For much of Jesus’ public ministry, He withdrew Himself from the crowds. Indeed, He kept much of His work veiled. Bible teachers have considered the various reasons why He did this, but one of the central ideas was this: the people expected a militaristic national leader to lead them into a period of peace. Jesus is a king. And indeed, as Scripture has revealed, He is a valiant warrior. But the time was not ripe for such a king. Christ’s war-horse was not to be used in triumphal entry in Matthew 21:1-11. Instead, Jesus came into Jerusalem riding upon a colt.
We live in culture marked by various symbolic actions. If you were at a restaurant and you happened to behold a young man getting down on one knee, and he pulled out a little black box from his pocket, we would not assume that this was the bill. No, we recognize from his posture, and his actions that this is a wedding proposal. Cultures may be as varied as there are colors in a Crayola box, but every culture has symbolic actions, and this action of Christ from the text is saturated in symbolic meaning.
God’s mercy is revealed to us in our text. He does not leave us to our wits to figure the meanings behind these symbolic actions. In this story, God provides two points of encouragement. Firstly, we find that the disciples (as has become far too common) missed the significance of the event or symbolic action of Jesus riding on a colt. John writes in his gospel, “His disciples did not understand these things at first, but when Jesus was glorified, then they remembered that these things had been written about Him and had been done to Him.” (John 12:16 ESV) Apart from the ministry of the Holy Spirit, neither the Apostles, ourselves, or any other human being would ever catch the significance of any of God’s redemptive actions in the world. God provides redemptive words to accommodate His redemptive acts.
Secondly, Matthew tells us that Christ’s symbolic action, in riding this colt, was the fulfillment of an Old Testament prophecy. He tells us in Matthew 21:4 we receive the phrase, “This took place to fulfill what was spoken by the prophet…” (ESV) We are meant to think of Isaiah 62:11 and Zechariah 9:9. Both texts focus on God’s restoration of His broken and sinful people by His hand. Both texts elicit hope. But it is the passage of Zechariah 9 in particular, that God hones us in on a promise over five hundred years in the making, the promise of God’s coming king.
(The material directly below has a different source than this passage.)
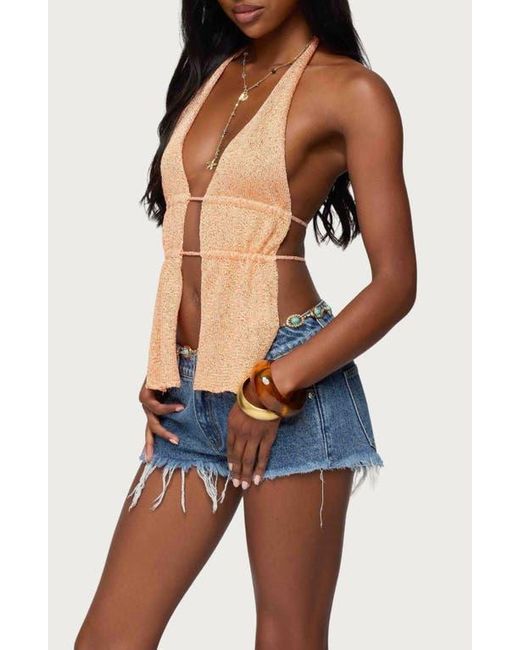 Edikted Blue Sequin Split Front Knit Halter Top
Our passage reminds us of this foundational truth: God is always faithful in keeping His promises. Jesus’ grand declaration to the world that He was the long-awaited king and Messiah did not begin on this day in Jerusalem. Nor did the promise begin back in Zechariah 9. But God’s promise went all the way back, thousands of years before Jesus, at God’s appearing before Abraham, the man of faith. Abraham, a former pagan, and 99 years old at the time, was promised these words, “I will make you exceedingly fruitful, and I will make you into nations, and kings shall come from you.” (Gen. 17:6 ESV) Christ’s momentous ride was the fulfillment of this grand covenantal promise (cf. Matt. 1:1). Christ Jesus is the long-awaited king. He’s my king. He’s your king. He is the king over every soul that lives. So let us live as those whose citizenship reflects our king. Our world needs to know this king today. Our hearts need to know that He reigns today. Reflect Him to those around you. Know your king in His splendor and rejoice by hoping in His holy name.